日本航空(JAL)が設立したLCC(ローコストキャリア、格安航空)のZIPAIR Tokyo(ジップエア)が、米国のハワイ・ホノルルとポートランドを最有力候補として検討していることがダイヤモンド編集部の取材で分かった。(ダイヤモンド編集部 柳澤里佳)
ホノルル検討の背景には
JALとハワイアンの提携問題
日本航空(JAL)が設立したLCC(ローコストキャリア、格安航空)のZIPAIR Tokyo(ジップエア)が、国際基準を満たした後の就航先に、米国のハワイ・ホノルルとポートランドを最有力候補として検討していることがダイヤモンド編集部の取材で分かった。
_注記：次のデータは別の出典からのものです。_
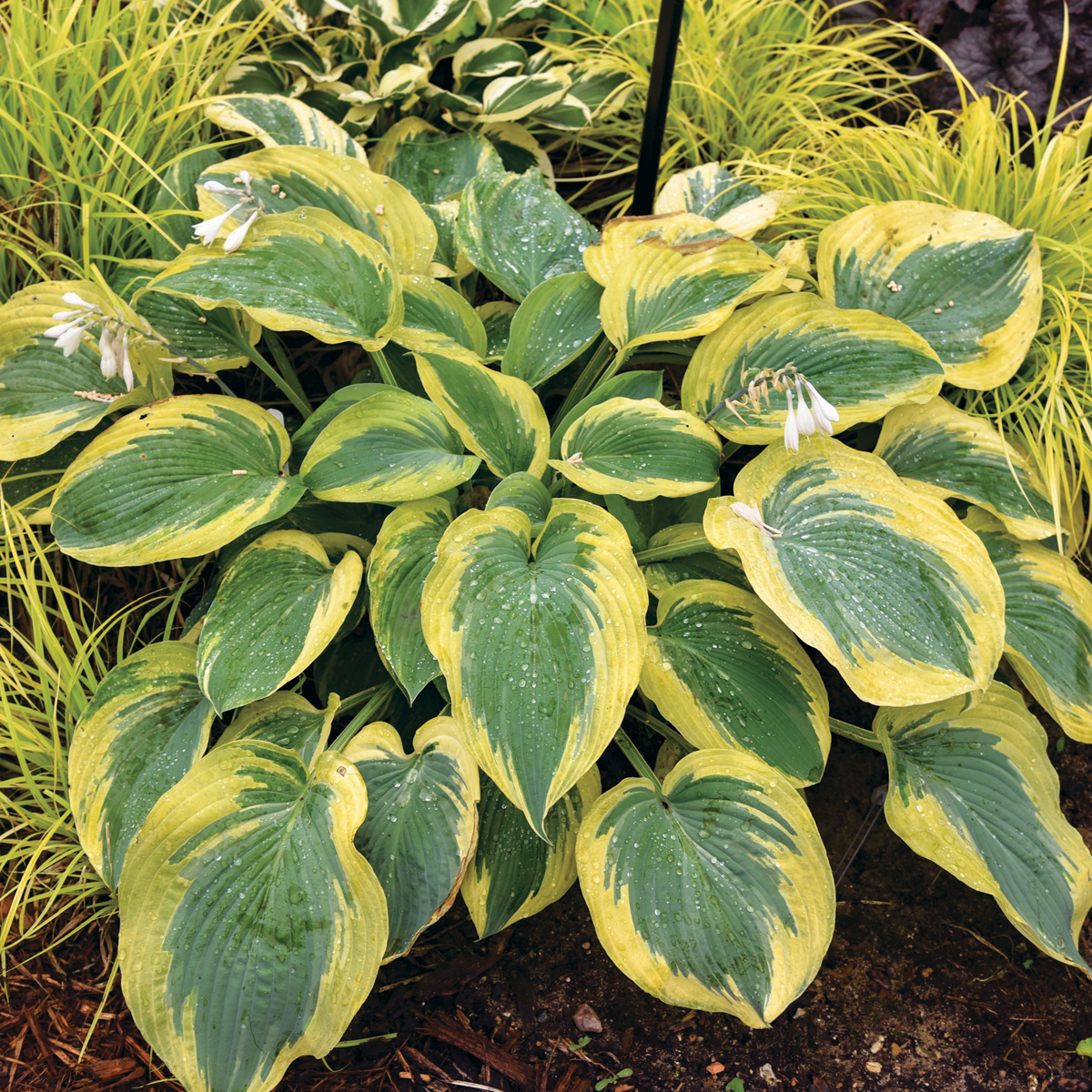 Chance Encounter hosta courtesy of Walters Gardens: Striking blue leaves and a golden yellow watermark halo make this a unique hosta for shade gardens. Photo courtesy of Walters Gardens, Inc. 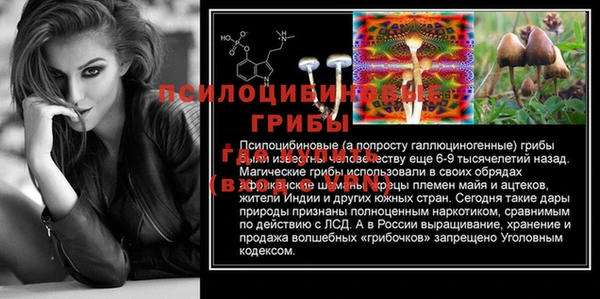 круглые Алзамай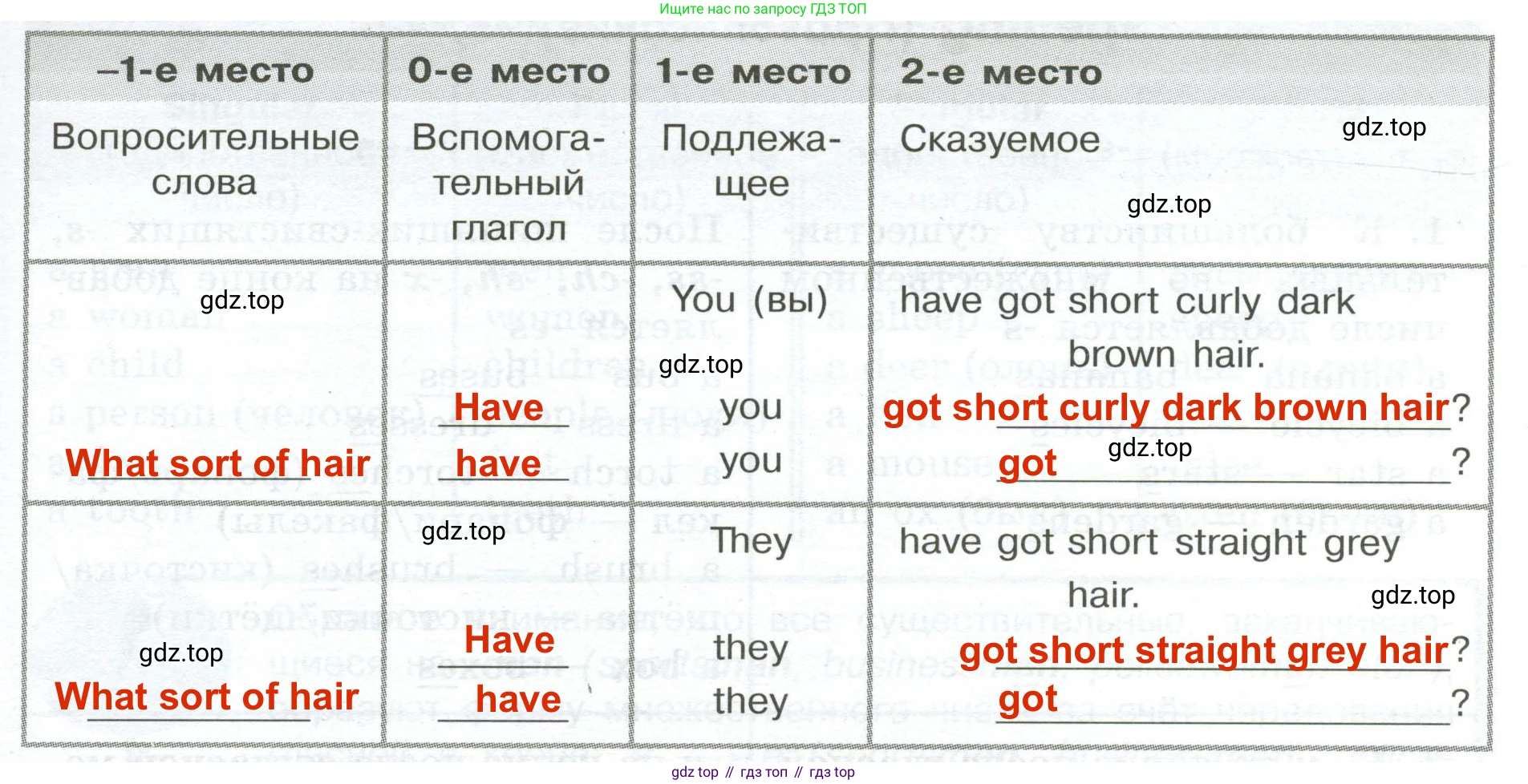 ГДЗ Английский язык (english), 5 класс Грамматический тренажёр, автор: Тимофеева Светлана Леонидовна, издательство Просвещение, Москва, 2023, оранжевого цвета, страница 28, номер 10, Решение 2 (2023-2027) (продолжение 2)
ジップエアは18年5月、JALが「国際線中長距離を飛ぶ日本初のLCC」を表明したことにより、7月にJAL100%出資子会社として設立(当時は準備会社で別の社名)。一般的にLCCは短距離(4時間圏内)運航を基本とするが、その過程をすっ飛ばして最初から中長距離(最長10時間程度)を標榜した。「ANAに出遅れ気味のLCCで“一足飛び”で巻き返しを図る作戦だ」と航空業界関係者はにらむ。
ところが、19年3月に新社名と共に発表した第1弾就航先はタイのバンコク(20年5月運航開始)と韓国のソウル(同7月)で、短・中距離だった。使用する飛行機(ボーイング787-8)の航続距離としては欧米に飛べるものの、洋上飛行を行うにはETOPSという国際基準を満たす必要があり、運航実績を積まなければいけない。そこでまず需要の多いバンコク、そして機材稼働の観点から中距離に短距離を組み合わせるためソウルを選定した。
初便に向けた運航の準備を進めると共に、「本命」の太平洋路線の選定も並行して行っている。その中で浮上したのが、親会社JALと米ハワイアン航空の共同事業(ジョイントベンチャー、JV)認可問題である。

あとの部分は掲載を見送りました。